Cubana dénonce les commissions bancaires et les limites de retrait d'espèces à Cuba : « On vous fait payer pour retirer de l'argent »



Lumey GuzmánPhoto © Facebook Lumey Guzmán

La Cubaine Lumey Guzmán a dénoncé sur les réseaux sociaux ce qu'elle a qualifié de « la plus grande affaire à Cuba », faisant référence aux restrictions et aux commissions auxquels les citoyens font face lorsqu'ils tentent de retirer leur propre argent des banques.

Dans une vidéo sur Facebook, Guzmán a expliqué qu'actuellement, les institutions bancaires limitent les retraits d'espèces à environ 5 000 pesos cubains par opération, un montant qu'il considère dérisoire au milieu de l'inflation que connaît le pays.

«Le plus grand business que l'on trouve à Cuba est à la banque. Tu vas retirer ton argent et tu ne peux pas le faire car ils limitent le montant des retraits. Ils vont jusqu'à 5000 pesos», a déclaré Guzmán.

Cette somme ne suffit pas à couvrir les dépenses de base ni à maintenir une entreprise. L'entrepreneuse a également assuré que, si un client souhaite retirer tout l'argent de son compte, il doit payer une commission pouvant atteindre 10 % du total. « Si je retire 100 000 pesos, je dois leur payer 10 000 CUP », a-t-elle dénoncé.

Guzmán a demandé aux autorités bancaires de reconsidérer ces politiques et de réduire les commissions. “Détendez-vous, vous pouvez obtenir un bénéfice de 3%. Ne serrez pas si fort la corde. Accordez-nous aussi un peu d'air,” a-t-il exprimé.

L'entrepreneuse cubaine a suggéré d'augmenter le plafond de retrait à 20 000 pesos pour alléger la pression sur les travailleurs indépendants et les petites entreprises.

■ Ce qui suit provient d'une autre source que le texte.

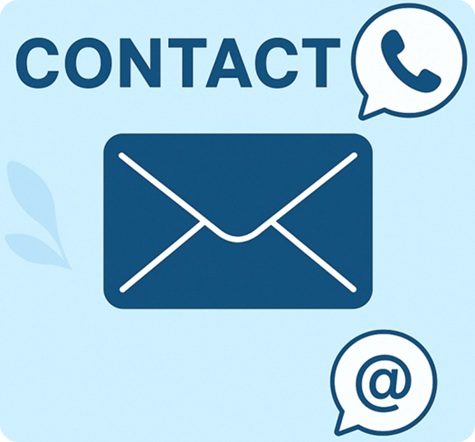 buildcontrol contact page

"Utilisez votre tête. Élevez à 20 000 le retrait d'argent et retirez moins de profits pour garder le public content et que vous receviez plus d'impôts", a-t-il ajouté.

Guzmán a critiqué les charges appliquées aux propriétaires de micro, petites et moyennes entreprises (mipymes). "Vous voulez seulement manger, en prenant 15 et 10 pour cent des comptes des travailleurs indépendants. L'argent m'appartient", a-t-il affirmé.

Il a également averti que les entreprises privées pourraient réagir aux politiques de la Banque centrale de Cuba en cessant d'accepter les transferts bancaires.

« Si nous nous mettons d'accord sur les affaires et que nous ne recevons pas de paiements par transferts, votre petit business est terminé », a-t-il affirmé.

Parmi les commentaires suscités par la dénonciation, certains utilisateurs ont convenu que les travailleurs indépendants et les petites et moyennes entreprises sont parmi les plus touchés par les restrictions sur le retrait d'espèces.

D'autres ont indiqué que l'argent déposé à la banque appartient au client et ne devrait pas être soumis à des commissions pour pouvoir être retiré. Il y a également eu des personnes qui ont dénoncé des pressions et des extorsions visant à payer des pourcentages supplémentaires afin d'obtenir de l'argent liquide.

Archivé dans :

Équipe éditoriale de CiberCuba

Une équipe de journalistes engagés à informer sur l'actualité cubaine et les sujets d'intérêt mondial. Chez CiberCuba, nous travaillons pour offrir des informations véridiques et des analyses critiques.